-- Your instructions --
Use the entries below and reproduce exactly the lines from the one containing "L.L.Bean pullover - Picture 4 of 4" down to the one containing "Snapshot of jake_tripp", both of them included.

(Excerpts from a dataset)
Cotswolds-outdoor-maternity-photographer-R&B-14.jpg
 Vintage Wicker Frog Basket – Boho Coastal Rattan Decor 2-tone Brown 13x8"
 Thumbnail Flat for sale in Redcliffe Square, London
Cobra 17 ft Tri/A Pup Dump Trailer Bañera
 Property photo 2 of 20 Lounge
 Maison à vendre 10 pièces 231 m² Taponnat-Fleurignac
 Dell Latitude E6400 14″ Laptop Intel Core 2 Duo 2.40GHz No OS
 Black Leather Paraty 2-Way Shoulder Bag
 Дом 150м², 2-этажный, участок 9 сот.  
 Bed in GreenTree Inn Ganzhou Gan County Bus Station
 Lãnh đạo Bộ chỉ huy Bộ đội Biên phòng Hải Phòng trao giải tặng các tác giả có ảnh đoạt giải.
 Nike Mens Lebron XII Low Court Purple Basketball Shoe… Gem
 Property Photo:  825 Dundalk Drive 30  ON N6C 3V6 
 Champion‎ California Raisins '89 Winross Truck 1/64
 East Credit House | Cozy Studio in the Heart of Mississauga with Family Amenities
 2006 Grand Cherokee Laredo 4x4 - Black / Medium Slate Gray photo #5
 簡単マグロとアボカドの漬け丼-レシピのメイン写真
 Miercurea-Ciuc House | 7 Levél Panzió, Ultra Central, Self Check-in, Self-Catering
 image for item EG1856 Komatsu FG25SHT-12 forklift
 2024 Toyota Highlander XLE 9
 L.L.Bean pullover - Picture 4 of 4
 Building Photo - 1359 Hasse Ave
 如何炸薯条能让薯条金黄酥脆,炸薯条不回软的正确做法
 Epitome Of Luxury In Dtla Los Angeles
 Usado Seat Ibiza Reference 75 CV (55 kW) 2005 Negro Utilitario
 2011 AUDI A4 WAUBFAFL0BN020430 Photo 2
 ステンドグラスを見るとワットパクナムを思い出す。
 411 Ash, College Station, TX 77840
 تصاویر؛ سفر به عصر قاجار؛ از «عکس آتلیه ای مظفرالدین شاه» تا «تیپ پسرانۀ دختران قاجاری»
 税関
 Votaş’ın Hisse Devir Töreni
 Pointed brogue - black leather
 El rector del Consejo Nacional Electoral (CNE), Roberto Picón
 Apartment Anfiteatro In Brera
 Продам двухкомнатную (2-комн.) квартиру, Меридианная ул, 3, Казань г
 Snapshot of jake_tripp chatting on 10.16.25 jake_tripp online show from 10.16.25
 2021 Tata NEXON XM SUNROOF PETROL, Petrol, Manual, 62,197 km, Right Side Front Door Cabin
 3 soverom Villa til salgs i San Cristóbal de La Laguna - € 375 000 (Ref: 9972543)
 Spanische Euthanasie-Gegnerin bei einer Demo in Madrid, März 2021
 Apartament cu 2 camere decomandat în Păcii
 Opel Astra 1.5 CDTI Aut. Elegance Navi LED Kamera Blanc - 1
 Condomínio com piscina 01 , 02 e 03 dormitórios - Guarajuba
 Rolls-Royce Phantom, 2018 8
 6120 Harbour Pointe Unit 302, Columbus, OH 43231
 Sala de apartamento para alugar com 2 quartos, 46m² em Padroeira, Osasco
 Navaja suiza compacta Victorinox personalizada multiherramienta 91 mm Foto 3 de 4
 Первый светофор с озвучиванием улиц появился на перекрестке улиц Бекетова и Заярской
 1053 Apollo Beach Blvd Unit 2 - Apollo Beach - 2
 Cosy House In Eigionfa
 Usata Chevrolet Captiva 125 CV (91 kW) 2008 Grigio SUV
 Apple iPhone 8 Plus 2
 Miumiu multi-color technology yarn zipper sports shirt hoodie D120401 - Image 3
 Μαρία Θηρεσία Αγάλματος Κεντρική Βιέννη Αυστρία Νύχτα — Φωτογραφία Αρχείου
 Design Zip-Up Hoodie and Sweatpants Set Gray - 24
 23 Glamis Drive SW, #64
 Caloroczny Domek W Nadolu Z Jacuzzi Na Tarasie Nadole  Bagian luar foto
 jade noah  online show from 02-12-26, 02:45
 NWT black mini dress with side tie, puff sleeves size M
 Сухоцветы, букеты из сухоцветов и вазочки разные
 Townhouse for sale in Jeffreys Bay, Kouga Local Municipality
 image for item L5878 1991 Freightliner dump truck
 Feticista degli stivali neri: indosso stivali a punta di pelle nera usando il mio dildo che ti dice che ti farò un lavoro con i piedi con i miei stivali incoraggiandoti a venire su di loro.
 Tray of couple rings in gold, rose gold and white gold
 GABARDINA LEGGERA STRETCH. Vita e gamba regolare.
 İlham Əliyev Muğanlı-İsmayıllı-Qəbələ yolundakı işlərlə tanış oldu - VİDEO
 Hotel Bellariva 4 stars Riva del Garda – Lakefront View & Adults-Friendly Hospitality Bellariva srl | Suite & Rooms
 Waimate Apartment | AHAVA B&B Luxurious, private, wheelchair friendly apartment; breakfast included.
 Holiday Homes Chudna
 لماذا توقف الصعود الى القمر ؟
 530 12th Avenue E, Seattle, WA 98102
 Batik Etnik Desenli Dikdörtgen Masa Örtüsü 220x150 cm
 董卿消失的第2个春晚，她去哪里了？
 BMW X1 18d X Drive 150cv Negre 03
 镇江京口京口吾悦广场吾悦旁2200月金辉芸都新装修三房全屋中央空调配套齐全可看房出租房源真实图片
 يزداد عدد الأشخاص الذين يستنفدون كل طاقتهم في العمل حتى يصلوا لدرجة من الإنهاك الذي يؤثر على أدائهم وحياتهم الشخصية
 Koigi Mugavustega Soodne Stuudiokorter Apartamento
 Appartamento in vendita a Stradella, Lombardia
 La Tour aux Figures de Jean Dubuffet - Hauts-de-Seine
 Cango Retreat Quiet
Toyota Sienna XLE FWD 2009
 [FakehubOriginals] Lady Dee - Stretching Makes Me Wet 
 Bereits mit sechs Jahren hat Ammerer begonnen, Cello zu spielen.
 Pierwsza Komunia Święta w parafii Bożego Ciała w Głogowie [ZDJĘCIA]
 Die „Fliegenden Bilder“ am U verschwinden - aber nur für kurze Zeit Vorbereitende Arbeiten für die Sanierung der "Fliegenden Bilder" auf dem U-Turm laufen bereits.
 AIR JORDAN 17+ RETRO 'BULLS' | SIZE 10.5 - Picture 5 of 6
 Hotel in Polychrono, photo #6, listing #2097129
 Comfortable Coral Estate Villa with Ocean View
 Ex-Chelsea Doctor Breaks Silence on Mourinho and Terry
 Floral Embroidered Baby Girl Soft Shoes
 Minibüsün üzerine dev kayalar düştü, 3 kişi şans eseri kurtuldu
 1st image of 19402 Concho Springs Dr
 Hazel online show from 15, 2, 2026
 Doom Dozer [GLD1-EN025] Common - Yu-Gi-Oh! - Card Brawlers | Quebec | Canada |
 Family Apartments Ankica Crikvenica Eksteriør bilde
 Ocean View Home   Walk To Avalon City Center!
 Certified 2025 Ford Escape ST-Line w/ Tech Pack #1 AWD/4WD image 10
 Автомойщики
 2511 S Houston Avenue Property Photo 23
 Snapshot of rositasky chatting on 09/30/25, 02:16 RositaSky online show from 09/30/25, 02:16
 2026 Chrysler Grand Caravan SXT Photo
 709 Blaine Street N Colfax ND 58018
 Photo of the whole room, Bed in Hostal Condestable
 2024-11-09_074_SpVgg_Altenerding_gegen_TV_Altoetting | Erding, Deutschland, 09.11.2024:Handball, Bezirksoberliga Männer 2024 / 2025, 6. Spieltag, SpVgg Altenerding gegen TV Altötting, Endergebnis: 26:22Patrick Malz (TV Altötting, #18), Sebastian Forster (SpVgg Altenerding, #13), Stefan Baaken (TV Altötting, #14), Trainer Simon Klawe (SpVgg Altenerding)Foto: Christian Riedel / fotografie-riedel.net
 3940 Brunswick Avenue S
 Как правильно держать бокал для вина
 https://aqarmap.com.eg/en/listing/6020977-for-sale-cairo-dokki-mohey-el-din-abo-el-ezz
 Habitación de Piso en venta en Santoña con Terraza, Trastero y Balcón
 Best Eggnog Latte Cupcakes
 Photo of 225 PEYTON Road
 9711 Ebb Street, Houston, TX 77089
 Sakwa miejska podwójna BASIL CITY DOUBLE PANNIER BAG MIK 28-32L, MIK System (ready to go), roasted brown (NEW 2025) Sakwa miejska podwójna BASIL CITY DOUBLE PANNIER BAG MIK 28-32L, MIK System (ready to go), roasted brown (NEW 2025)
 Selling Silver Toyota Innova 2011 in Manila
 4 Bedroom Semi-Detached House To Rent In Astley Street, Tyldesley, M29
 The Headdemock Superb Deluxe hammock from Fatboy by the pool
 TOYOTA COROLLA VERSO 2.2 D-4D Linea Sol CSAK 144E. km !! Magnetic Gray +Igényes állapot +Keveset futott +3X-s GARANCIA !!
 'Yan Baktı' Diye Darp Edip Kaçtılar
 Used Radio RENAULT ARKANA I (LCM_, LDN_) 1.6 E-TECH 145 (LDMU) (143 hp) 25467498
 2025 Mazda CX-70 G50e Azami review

-- Your solution --
 L.L.Bean pullover - Picture 4 of 4
 Building Photo - 1359 Hasse Ave
 如何炸薯条能让薯条金黄酥脆,炸薯条不回软的正确做法
 Epitome Of Luxury In Dtla Los Angeles
 Usado Seat Ibiza Reference 75 CV (55 kW) 2005 Negro Utilitario
 2011 AUDI A4 WAUBFAFL0BN020430 Photo 2
 ステンドグラスを見るとワットパクナムを思い出す。
 411 Ash, College Station, TX 77840
 تصاویر؛ سفر به عصر قاجار؛ از «عکس آتلیه ای مظفرالدین شاه» تا «تیپ پسرانۀ دختران قاجاری»
 税関
 Votaş’ın Hisse Devir Töreni
 Pointed brogue - black leather
 El rector del Consejo Nacional Electoral (CNE), Roberto Picón
 Apartment Anfiteatro In Brera
 Продам двухкомнатную (2-комн.) квартиру, Меридианная ул, 3, Казань г
 Snapshot of jake_tripp chatting on 10.16.25 jake_tripp online show from 10.16.25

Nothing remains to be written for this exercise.